An illustration of the encounter between the experts © Antoine Bugeon / OCEAN71 Magazine

Jose took up the challenge with panache. He made a wire structure, covered it in cement blended with a walnut-based mixture that included crushed oyster shells stained with dried sea urchin and tomato coulis. After a month of intense work, he delivered a true masterpiece. He had even gone so far as to brush the interior for perfect authenticity! On the big day, the experts examined the piece from all angles, very stern, pursed lips, deeply concentrated. We were like kids impatiently awaiting their verdict. I remember that two of them could not agree on the origin of the amphora – Greek? Roman? Phoenician?

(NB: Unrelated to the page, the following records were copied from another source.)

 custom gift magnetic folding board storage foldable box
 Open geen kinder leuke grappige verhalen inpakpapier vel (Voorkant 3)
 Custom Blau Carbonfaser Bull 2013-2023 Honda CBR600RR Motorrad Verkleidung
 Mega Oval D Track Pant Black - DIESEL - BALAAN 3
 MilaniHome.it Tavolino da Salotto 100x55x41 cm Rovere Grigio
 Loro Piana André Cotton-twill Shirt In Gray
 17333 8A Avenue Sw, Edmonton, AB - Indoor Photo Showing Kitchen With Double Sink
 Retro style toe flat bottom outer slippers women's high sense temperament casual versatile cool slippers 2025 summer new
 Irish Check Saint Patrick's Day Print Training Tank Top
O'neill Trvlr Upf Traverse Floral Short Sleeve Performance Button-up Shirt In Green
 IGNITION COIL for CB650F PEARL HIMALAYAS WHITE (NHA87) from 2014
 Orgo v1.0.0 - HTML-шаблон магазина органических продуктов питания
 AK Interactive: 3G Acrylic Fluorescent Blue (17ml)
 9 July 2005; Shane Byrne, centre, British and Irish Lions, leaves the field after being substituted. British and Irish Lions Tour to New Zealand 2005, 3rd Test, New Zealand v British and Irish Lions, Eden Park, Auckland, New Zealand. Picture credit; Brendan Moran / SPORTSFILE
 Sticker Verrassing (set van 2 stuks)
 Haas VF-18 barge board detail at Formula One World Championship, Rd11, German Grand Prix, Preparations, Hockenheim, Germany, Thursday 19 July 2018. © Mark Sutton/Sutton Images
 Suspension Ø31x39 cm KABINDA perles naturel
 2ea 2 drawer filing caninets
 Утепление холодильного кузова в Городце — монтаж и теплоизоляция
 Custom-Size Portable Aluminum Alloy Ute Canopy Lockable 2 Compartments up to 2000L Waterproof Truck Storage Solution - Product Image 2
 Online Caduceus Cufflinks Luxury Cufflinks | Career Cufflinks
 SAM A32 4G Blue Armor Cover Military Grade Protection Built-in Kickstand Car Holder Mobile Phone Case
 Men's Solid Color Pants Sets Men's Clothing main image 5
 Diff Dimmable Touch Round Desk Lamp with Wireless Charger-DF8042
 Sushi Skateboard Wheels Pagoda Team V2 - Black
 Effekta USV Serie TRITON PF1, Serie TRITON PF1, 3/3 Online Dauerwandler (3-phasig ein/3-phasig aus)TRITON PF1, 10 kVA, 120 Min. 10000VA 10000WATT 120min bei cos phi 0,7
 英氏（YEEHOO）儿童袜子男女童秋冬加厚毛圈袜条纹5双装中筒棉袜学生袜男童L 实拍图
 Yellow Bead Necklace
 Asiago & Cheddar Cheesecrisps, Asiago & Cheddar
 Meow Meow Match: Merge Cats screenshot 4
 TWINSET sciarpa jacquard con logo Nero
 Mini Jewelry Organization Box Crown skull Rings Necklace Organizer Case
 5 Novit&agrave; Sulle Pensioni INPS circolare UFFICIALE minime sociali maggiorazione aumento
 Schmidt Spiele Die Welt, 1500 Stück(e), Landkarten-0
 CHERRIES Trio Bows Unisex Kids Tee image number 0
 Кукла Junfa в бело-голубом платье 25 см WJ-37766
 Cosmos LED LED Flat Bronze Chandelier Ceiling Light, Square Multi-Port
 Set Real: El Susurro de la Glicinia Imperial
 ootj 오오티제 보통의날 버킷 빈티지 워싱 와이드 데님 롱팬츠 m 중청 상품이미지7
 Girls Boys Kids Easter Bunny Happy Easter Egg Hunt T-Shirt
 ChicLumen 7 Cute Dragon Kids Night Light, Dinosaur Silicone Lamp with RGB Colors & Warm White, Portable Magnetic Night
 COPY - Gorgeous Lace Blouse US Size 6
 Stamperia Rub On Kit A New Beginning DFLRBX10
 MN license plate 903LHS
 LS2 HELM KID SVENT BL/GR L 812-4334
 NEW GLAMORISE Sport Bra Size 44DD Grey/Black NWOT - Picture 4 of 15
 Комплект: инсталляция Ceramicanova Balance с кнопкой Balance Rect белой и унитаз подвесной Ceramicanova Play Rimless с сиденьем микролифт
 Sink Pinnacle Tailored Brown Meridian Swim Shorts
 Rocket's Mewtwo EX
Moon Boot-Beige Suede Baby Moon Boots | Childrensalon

We could barely contain ourselves, itching to jeer: ‘It’s from just up the road and was made a month ago!’ Jose was nudging us in the ribs, certain of victory.

“You’ll see – they’ll fall for it,’ he chuckled.

An illustration of the encounter of the experts © Antoine Bugeon / OCEAN71 MagazineAn illustration of the encounter of the experts © Antoine Bugeon / OCEAN71 Magazine

In the meantime, the experts continued their discussions, Greek? Roman? One of them turned to us with a condescending look, ‘this piece is very rare which makes it very hard to date,’ he said. That was as much as Jose could take – he exploded: ‘I know it’s rare; I made it myself last month using cement, just up the road in my shed at Callelongue!’

You could have cut the atmosphere with a knife, every eye in the room turned to Jose, but he didn’t care one bit. ‘It’s the truth gentlemen,’ he said. ‘I’ll prove it to you’. And he pulled a mallet out of his bag and smashed the amphora into a thousand pieces, exposing the wire shape. ‘You will have learned one thing tonight at least,’ he said addressing his audience of experts. ‘The Romans and Greeks knew all about concrete!’

We didn’t hang about after that, if looks could kill…well we would have been long gone!

Jose also used to make the most marvellous forgeries of the three-legged wrought iron supports that you sit the amphorae in to present them. He must have forged nearly 10,000 in his lifetime.”

As Gaby’s story drew to an end, I jumped in with a final question: “Someone told me about a recently discovered Etruscan wreck, do you think I could meet one of the guys that is diving it?”

He looked at me sharply, a bit surprised that I knew about this. Judging me to be ‘OK’, he said: “Sure… you can try, you nut!”